Dataset Generator v1.0.3-beta ships local LLM support — fine-tune your model without paying a cent for API

Published: (May 3, 2026 at 01:06 PM EDT)
7 min read
Source: Dev.to

Source: Dev.to

Overview

A while back I shipped a desktop app that generates LLL‑fine‑tuning datasets.
It worked: my Qwen2.5‑Coder‑7B fine‑tune jumped from 55.5 % → 72.3 % on HumanEval.
The whole pipeline ran on OpenRouter – pick a model, click Generate, get a JSONL file.

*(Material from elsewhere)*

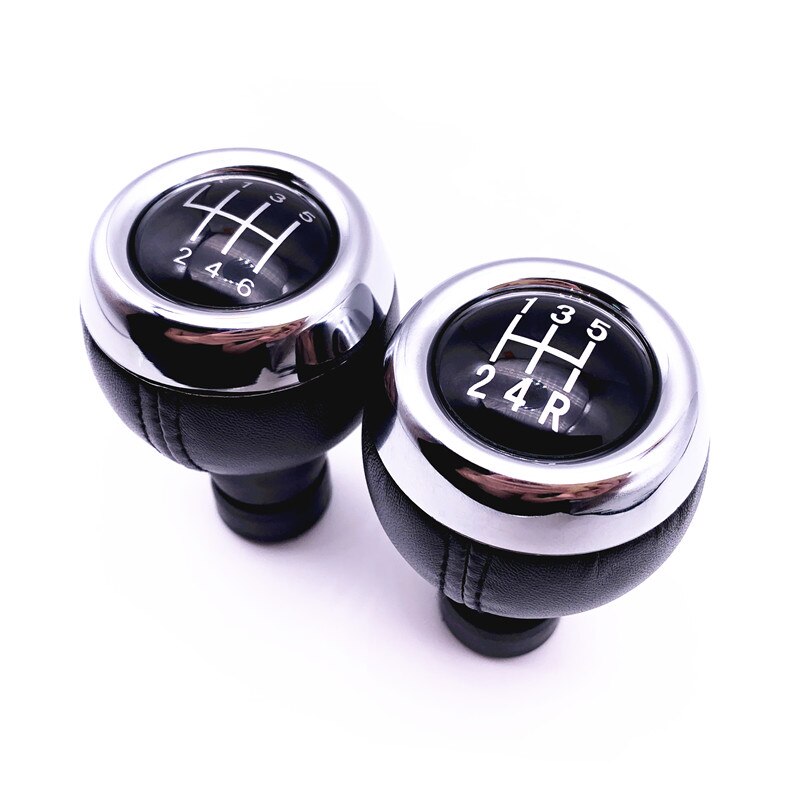 Gear Shift Knob for Mini Cooper R55 R56 R57 R58 R59 R60 R61 F54 F55 F56 F57 ONE D for COOPER S SD COUNTRYMAN PACEMAN Pen Shifter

v1.0.3‑beta now ships multi‑provider LLM support – Ollama, LM Studio, llama.cpp, or any custom OpenAI‑compatible endpoint, plus the original OpenRouter.
Mix and match: generate on your local Qwen3‑14B, judge on a cheap cloud model, or stay fully offline.

Below is a quick rundown of what shipped, what turned out harder than expected, and the lessons learned.

New Features

1️⃣ One‑click local LLM detection

  • Path: Settings → Providers → "Auto‑detect local"
  • The app probes the following ports:
ProviderPort
Ollama11434
LM Studio1234
llama.cpp8080
  • Any endpoint that answers gets a one‑click “Add” button.
  • On‑boarding for an offline‑first user now takes ≈ 30 s.

2️⃣ Mixed‑mode pipelines

  • Each category can use its own provider.
    • Example: Gen on local Qwen2.5‑Coder‑14B, Judge on a cheap cloud model (e.g., GPT‑4‑mini).
    • Or different generators per category – e.g., algorithm category on a code‑specialised local model.
  • The pipeline automatically routes each call to the correct backend.

3️⃣ Custom endpoints

  • Any OpenAI‑compatible URL works (vLLM, TGI, self‑hosted gateways, etc.).
  • Just paste the base URL + optional bearer token → done.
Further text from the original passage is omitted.